WORK REQUEST: Exclude the pictures. Transcribe, exactly as written, the lines from the one with "Jacket Sophie" through the end of the entries below.

DATA FOR THE TASK:
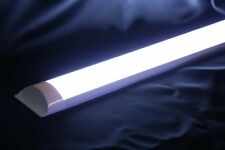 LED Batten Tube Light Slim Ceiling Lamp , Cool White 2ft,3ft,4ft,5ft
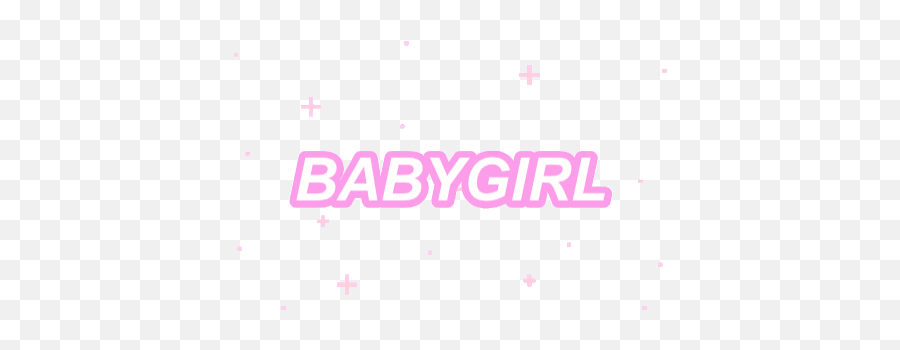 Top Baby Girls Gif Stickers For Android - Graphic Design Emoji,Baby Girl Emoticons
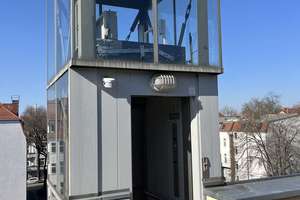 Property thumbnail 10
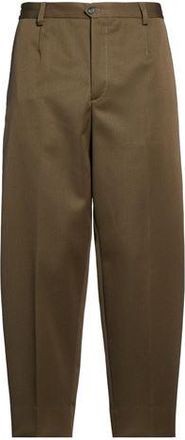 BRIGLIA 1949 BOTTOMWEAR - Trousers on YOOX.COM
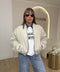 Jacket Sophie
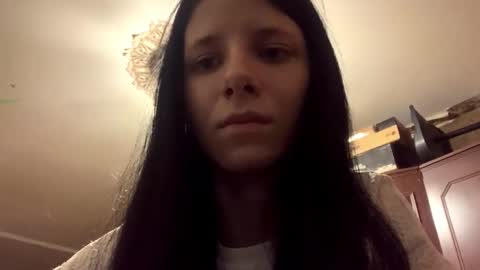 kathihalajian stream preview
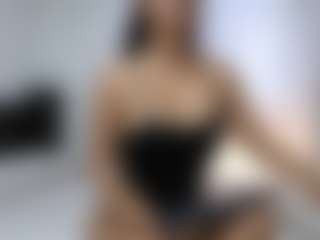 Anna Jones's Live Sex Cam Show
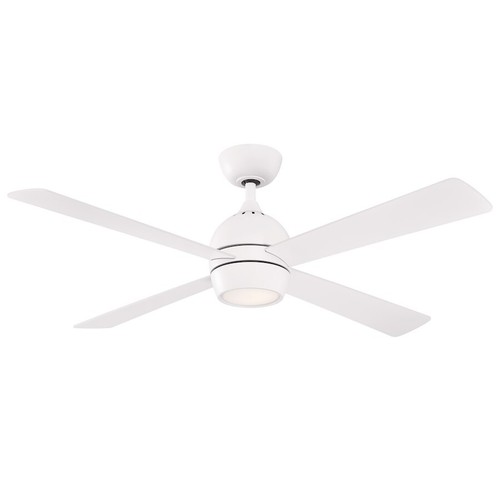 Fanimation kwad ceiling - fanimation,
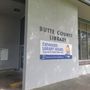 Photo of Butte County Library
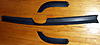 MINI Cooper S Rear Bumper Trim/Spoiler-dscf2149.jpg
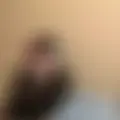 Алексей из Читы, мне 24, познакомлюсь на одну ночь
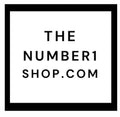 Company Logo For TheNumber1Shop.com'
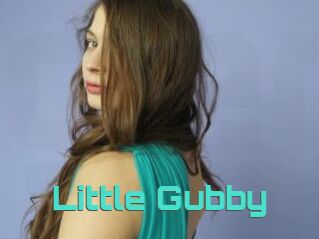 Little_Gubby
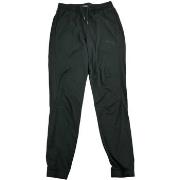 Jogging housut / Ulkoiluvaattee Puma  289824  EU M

ANSWER BOX:
 Jacket Sophie
 kathihalajian stream preview
 Anna Jones's Live Sex Cam Show
 Fanimation kwad ceiling - fanimation,
 Photo of Butte County Library
 MINI Cooper S Rear Bumper Trim/Spoiler-dscf2149.jpg
 Алексей из Читы, мне 24, познакомлюсь на одну ночь
 Company Logo For TheNumber1Shop.com'
 Little_Gubby
 Jogging housut / Ulkoiluvaattee Puma  289824  EU M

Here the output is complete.